The harness = false line disables the default test harness so Criterion can take over.

Create benches/my_benchmark.rs:

my_crate/
├── benches/
│   └── my_benchmark.rs
├── src/
│   └── lib.rs
└── Cargo.toml

A Minimal Benchmark

// benches/my_benchmark.rs
use criterion::{criterion_group, criterion_main, Criterion};
use my_crate::sort_numbers;

fn bench_sort(c: &mut Criterion) {
    let data: Vec<i32> = (0..1000).rev().collect();

    c.bench_function("sort 1000 integers", |b| {
        b.iter(|| sort_numbers(data.clone()))
    });
}

criterion_group!(benches, bench_sort);
criterion_main!(benches);

Run with:

cargo bench

Criterion runs the benchmark function many times, measures latency, calculates mean and standard deviation, and prints a summary:

sort 1000 integers      time:   [42.3 µs 42.7 µs 43.1 µs]

The three numbers are the lower bound, estimated mean, and upper bound of a 95% confidence interval.

black_box: Preventing Compiler Optimizations

The compiler may optimize away computations whose results aren't used. Use criterion::black_box to prevent this:

use criterion::black_box;

c.bench_function("fibonacci", |b| {
    b.iter(|| fibonacci(black_box(30)))
});

black_box tells the compiler to treat the value as potentially externally observable, suppressing dead-code elimination.

Setup Outside the Hot Loop

Move expensive setup outside b.iter using b.iter_with_setup or pre-computing values:

fn bench_search(c: &mut Criterion) {
    // Setup runs once, not on every iteration
    let haystack: Vec<String> = (0..10_000)
        .map(|i| format!("item_{}", i))
        .collect();

    c.bench_function("search in 10k strings", |b| {
        b.iter(|| {
            haystack.iter().find(|s| s.contains("5000"))
        });
    });
}

For setup that must run fresh each iteration:

c.bench_function("sort with clone", |b| {
    b.iter_batched(
        || (0..1000i32).rev().collect::<Vec<_>>(),  // setup
        |data| sort_numbers(data),                    // benchmark
        criterion::BatchSize::SmallInput,
    )
});

iter_batched creates fresh input for each iteration without including setup time in the measurement.

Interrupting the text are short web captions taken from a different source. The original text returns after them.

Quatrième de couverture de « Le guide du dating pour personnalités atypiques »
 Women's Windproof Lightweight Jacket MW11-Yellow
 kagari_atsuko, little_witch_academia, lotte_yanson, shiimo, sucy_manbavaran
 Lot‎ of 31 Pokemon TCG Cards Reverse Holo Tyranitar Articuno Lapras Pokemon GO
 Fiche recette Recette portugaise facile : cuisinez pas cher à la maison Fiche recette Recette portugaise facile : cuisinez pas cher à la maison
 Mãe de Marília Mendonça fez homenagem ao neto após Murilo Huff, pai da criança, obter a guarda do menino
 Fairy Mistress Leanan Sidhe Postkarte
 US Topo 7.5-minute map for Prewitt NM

Parameterized Benchmarks with BenchmarkGroup

Compare the same function across different input sizes:

use criterion::{BenchmarkId, Criterion};

fn bench_sort_sizes(c: &mut Criterion) {
    let mut group = c.benchmark_group("sort by size");

    for size in [100, 1_000, 10_000, 100_000].iter() {
        let data: Vec<i32> = (0..*size).rev().collect();

        group.bench_with_input(
            BenchmarkId::new("reverse_sort", size),
            size,
            |b, &size| {
                b.iter_batched(
                    || (0..size).rev().collect::<Vec<i32>>(),
                    |d| sort_numbers(d),
                    criterion::BatchSize::SmallInput,
                )
            },
        );
    }

    group.finish();
}

Output:

sort by size/reverse_sort/100     time: [1.2 µs 1.2 µs 1.3 µs]
sort by size/reverse_sort/1000    time: [15.4 µs 15.6 µs 15.8 µs]
sort by size/reverse_sort/10000   time: [188 µs 190 µs 192 µs]
sort by size/reverse_sort/100000  time: [2.2 ms 2.2 ms 2.3 ms]

Comparing Implementations

Benchmark multiple implementations in the same group:

fn bench_search_algorithms(c: &mut Criterion) {
    let mut group = c.benchmark_group("search");
    let haystack: Vec<i32> = (0..10_000).collect();
    let needle = 7_777;

    group.bench_function("linear_search", |b| {
        b.iter(|| linear_search(&haystack, black_box(needle)))
    });

    group.bench_function("binary_search", |b| {
        b.iter(|| binary_search(&haystack, black_box(needle)))
    });

    group.finish();
}

Baselines and Regression Detection

Criterion saves results to target/criterion/. On subsequent runs, it compares against the saved baseline:

sort 1000 integers    time:   [42.3 µs 42.7 µs 43.1 µs]
                      change: [-3.2% -2.1% -0.9%] (p = 0.001 < 0.05)
                      Performance has improved.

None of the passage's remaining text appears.